(Stored items)
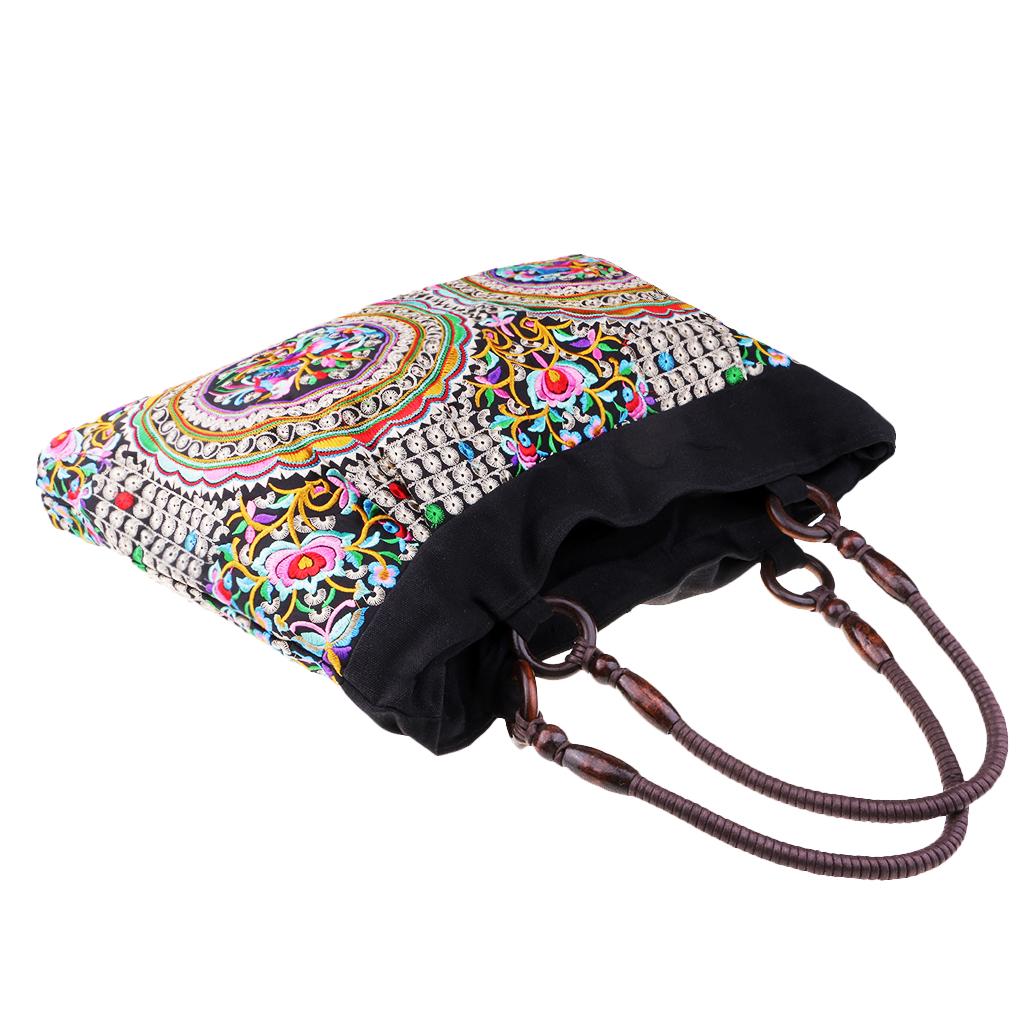 Vintage Embroidery Travel Bag Shoulder Bags Colorful Circle L uygun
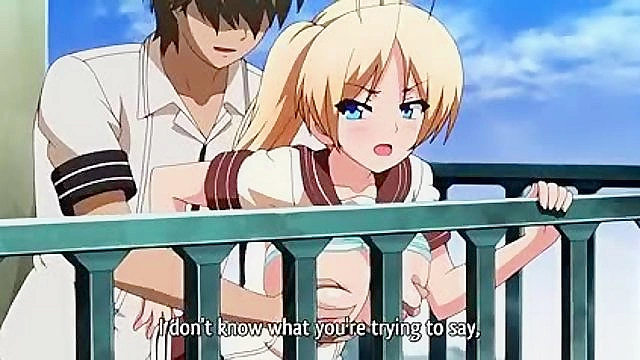 Three Shot Interview 3 - Busty anime schoolgirl is fucked on school balcony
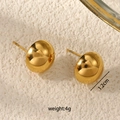 Orecchini a perno a semisfera dorati lucidi in acciaio inossidabile diametro 1,2 cm - Tondo Piccolo (Convesso) / Oro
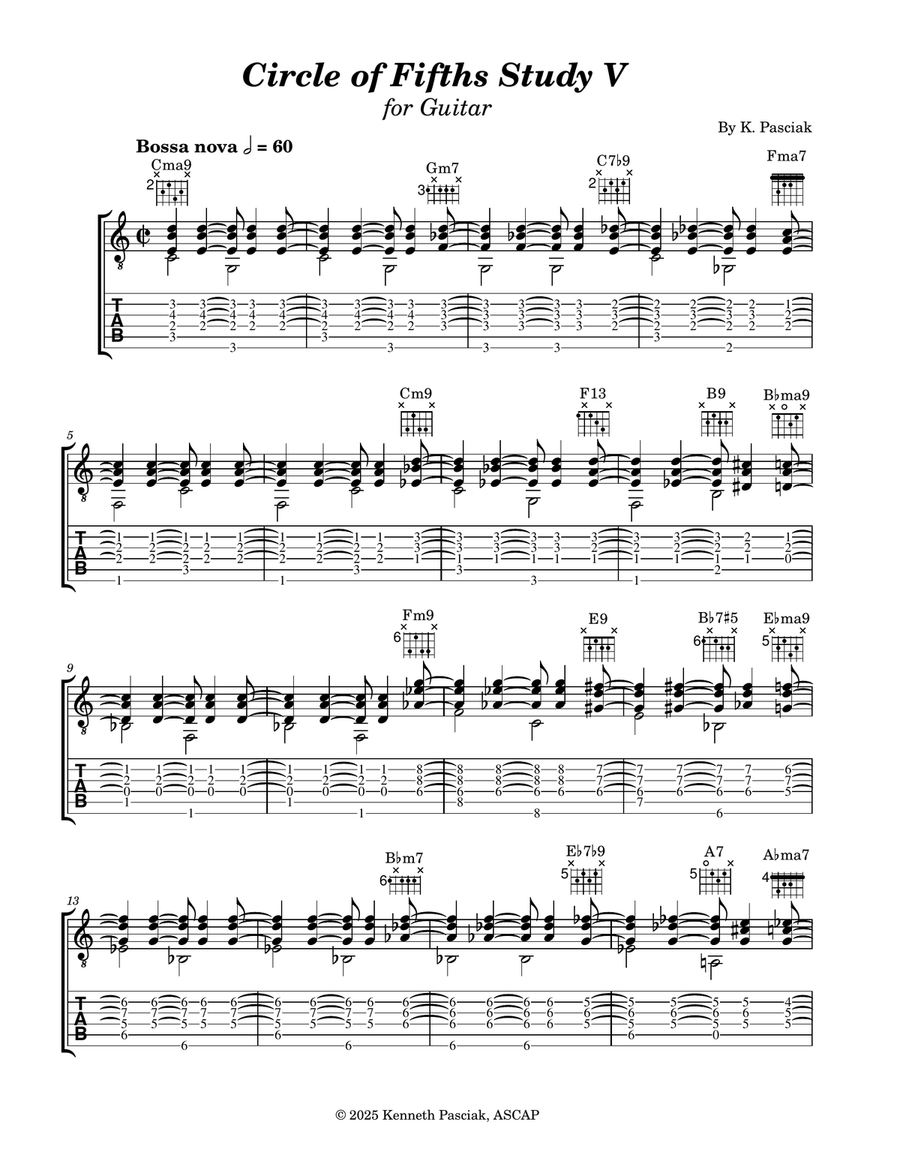Circle of Fifths Study V (for Guitar) Acoustic Guitar scores gallery preview page 1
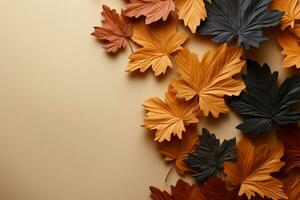 Autumn leaves in a top down pattern on a soft brown background AI Generated photo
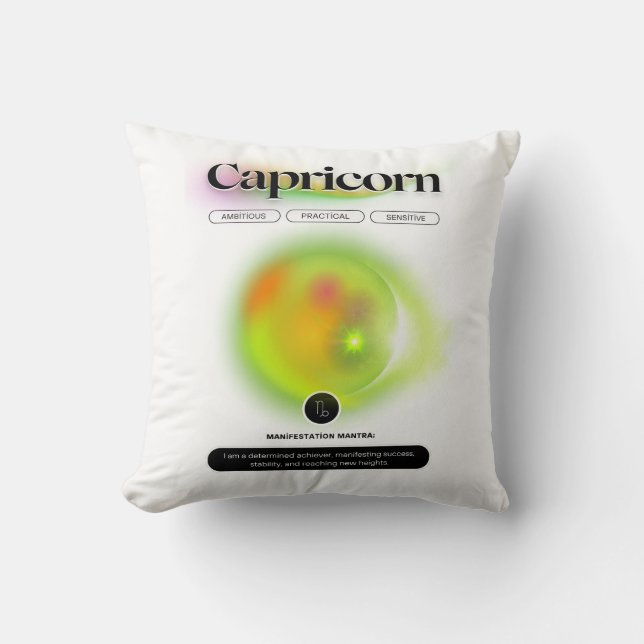 Almofada Símbolo Zodiano Moderno Capricórnio Citação Elemen (Frente)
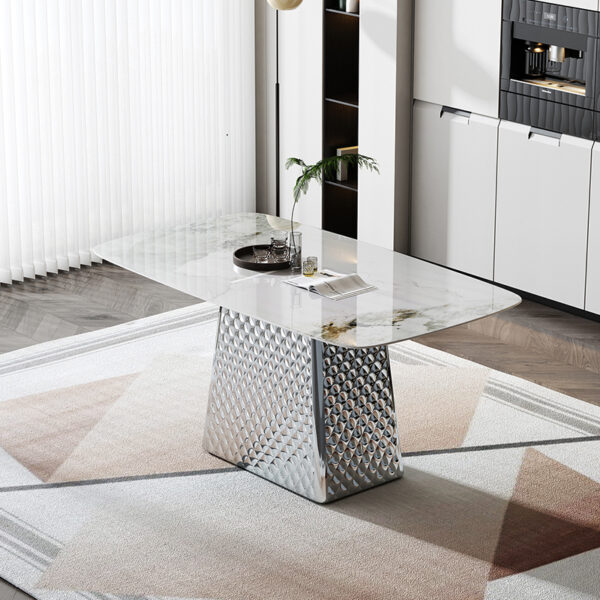White square marble dining table Modern simple coffee table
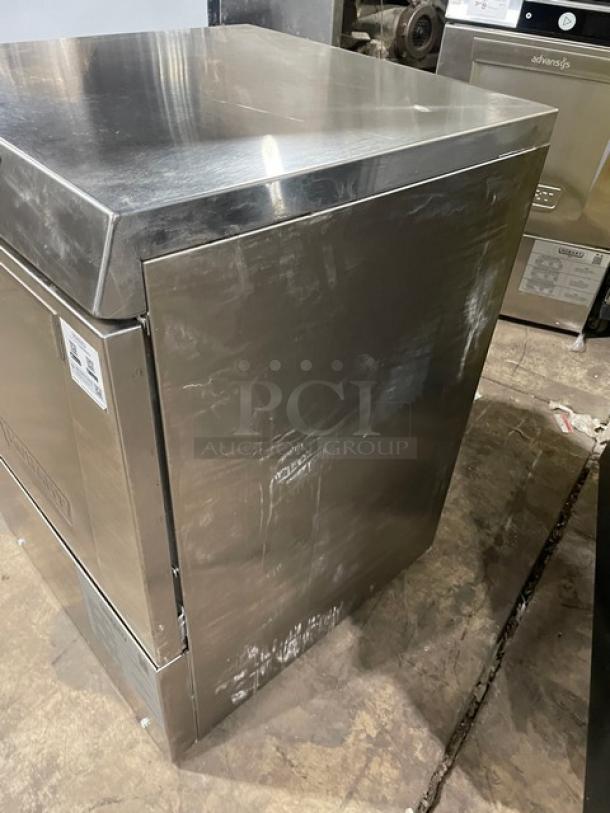 Hobart Advansys LXNR undercounter dishwasher, stainless steel, electric, model LXNR, scratches visible, Energy Star certified.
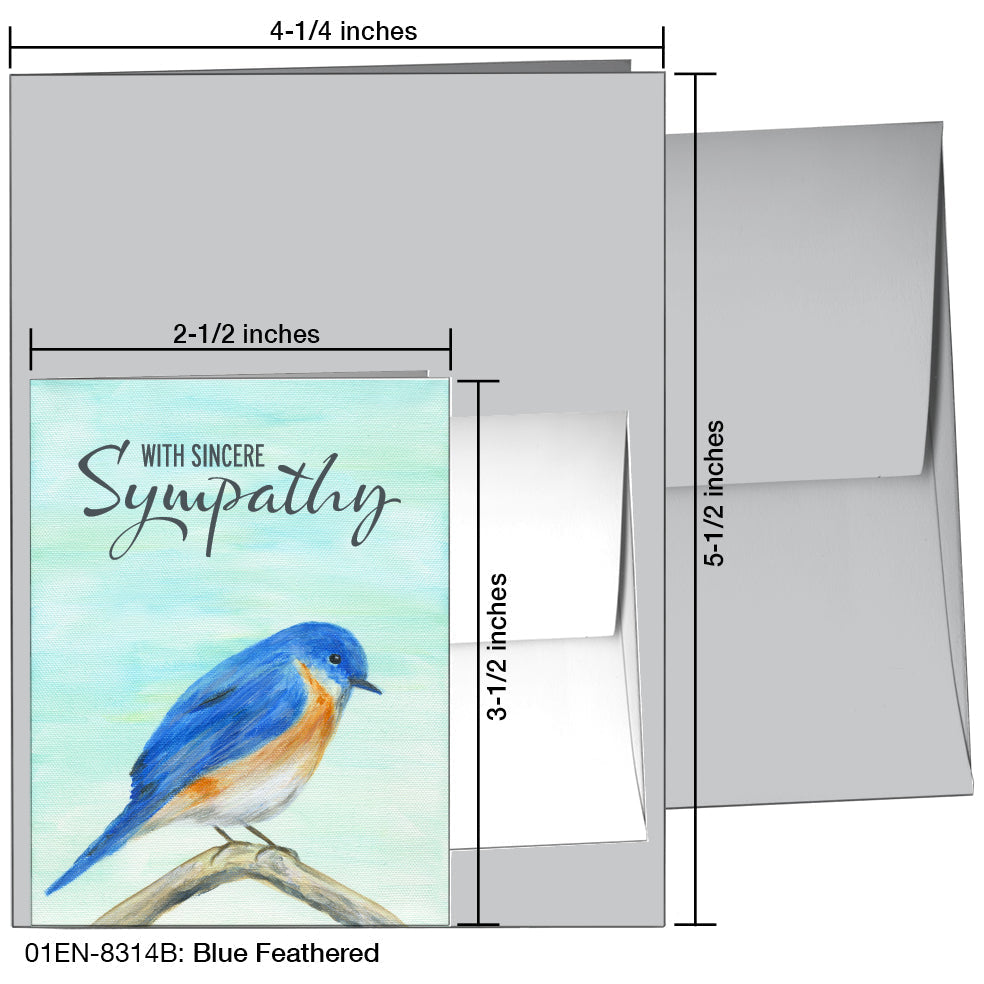 Blue Feathered, Greeting Card (8314B) - Arte House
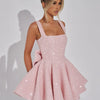 Mozision Sequins Bow Backless Sexy Mini Dress For Women Robe Fashion Square Collar Sleeveless High Waist A-line Club Dress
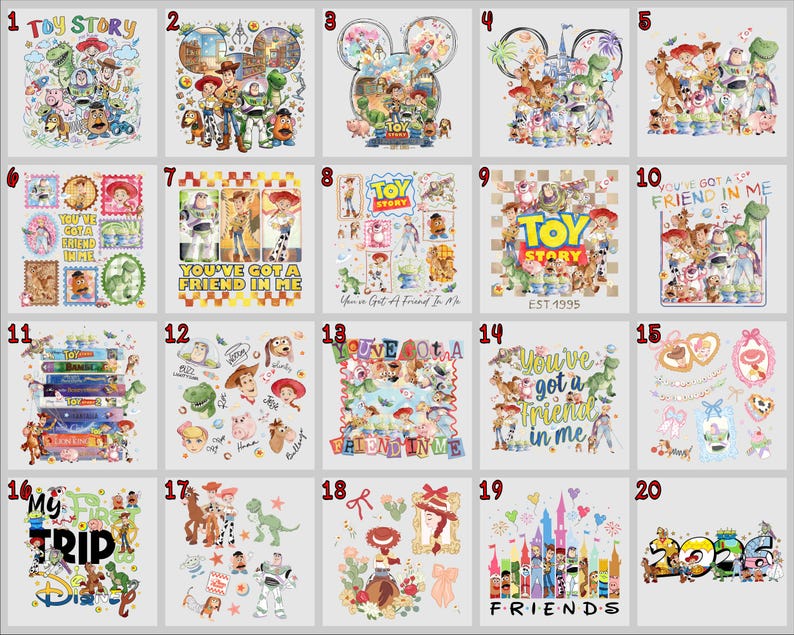 Pode incluir: Uma cole&ccedil;&atilde;o de designs coloridos com o tema Toy Story. As imagens apresentam v&aacute;rios personagens do filme de anima&ccedil;&atilde;o, incluindo Woody, Buzz Lightyear e outros. Alguns designs incluem texto como "Toy Story" e "You've Got a Friend in Me."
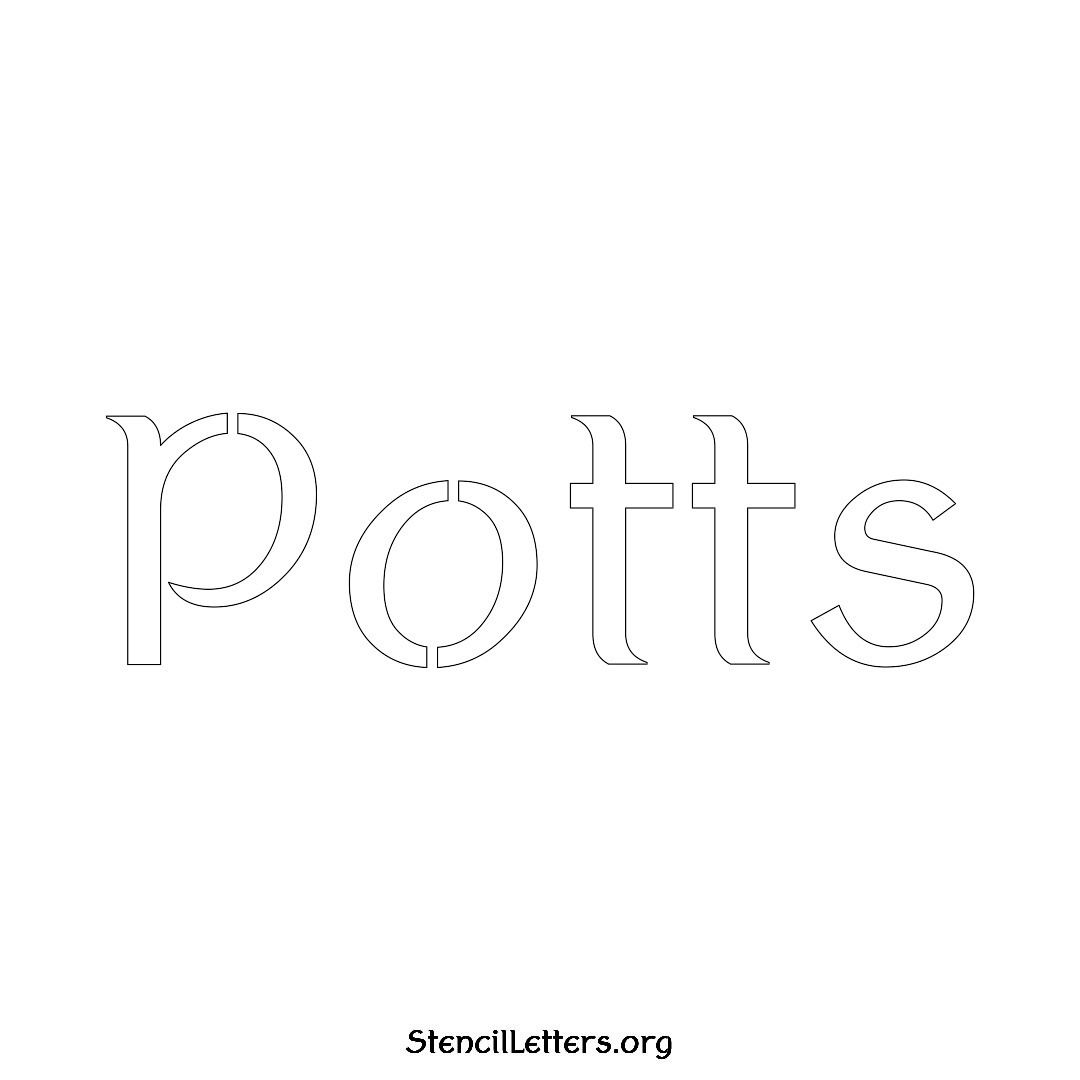 Potts name stencil in Ancient Lettering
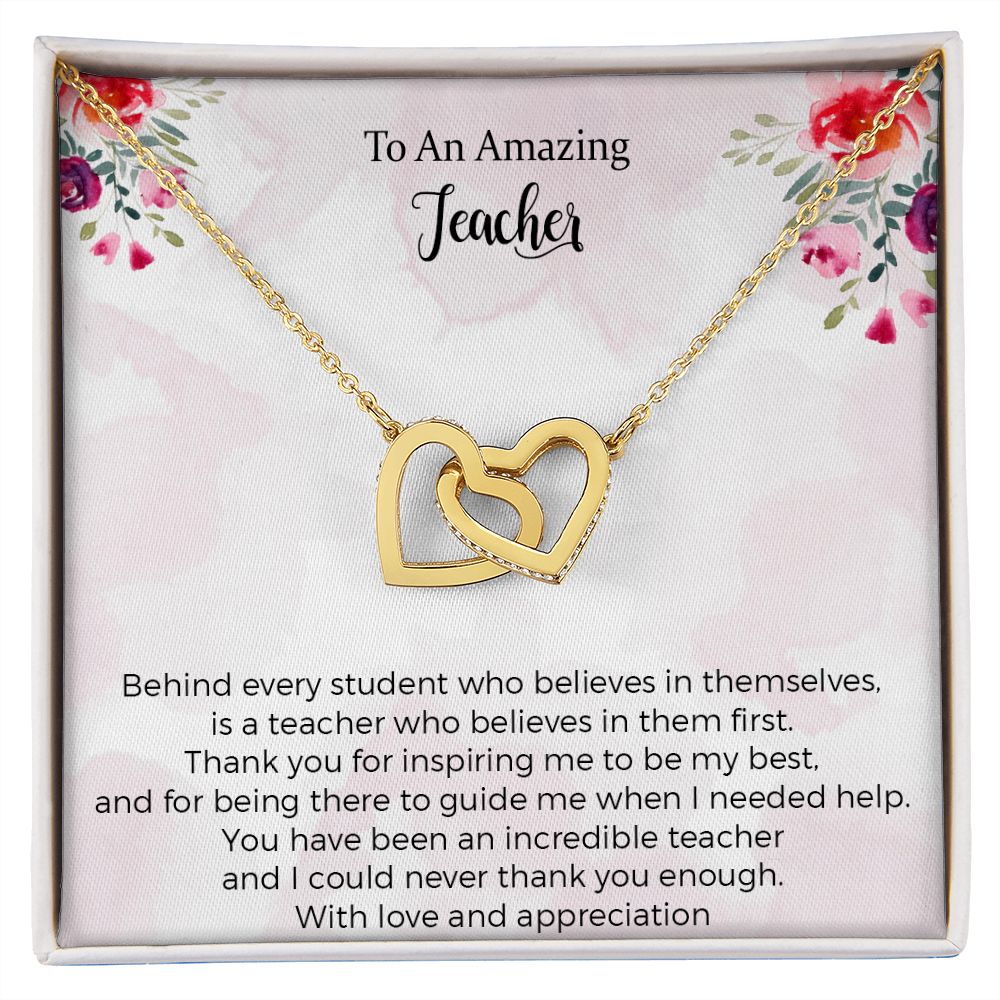 Teacher Interlocking Hearts Necklace, Future Teacher Gift, Love Knot Necklace, Graduate Teacher Necklace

Brief » Pictures stay out. Transcribe the lines from the start of the entries above through the line with "Orecchini a perno", exactly.

Solution to this exercise »
 Vintage Embroidery Travel Bag Shoulder Bags Colorful Circle L uygun
 Three Shot Interview 3 - Busty anime schoolgirl is fucked on school balcony
 Orecchini a perno a semisfera dorati lucidi in acciaio inossidabile diametro 1,2 cm - Tondo Piccolo (Convesso) / Oro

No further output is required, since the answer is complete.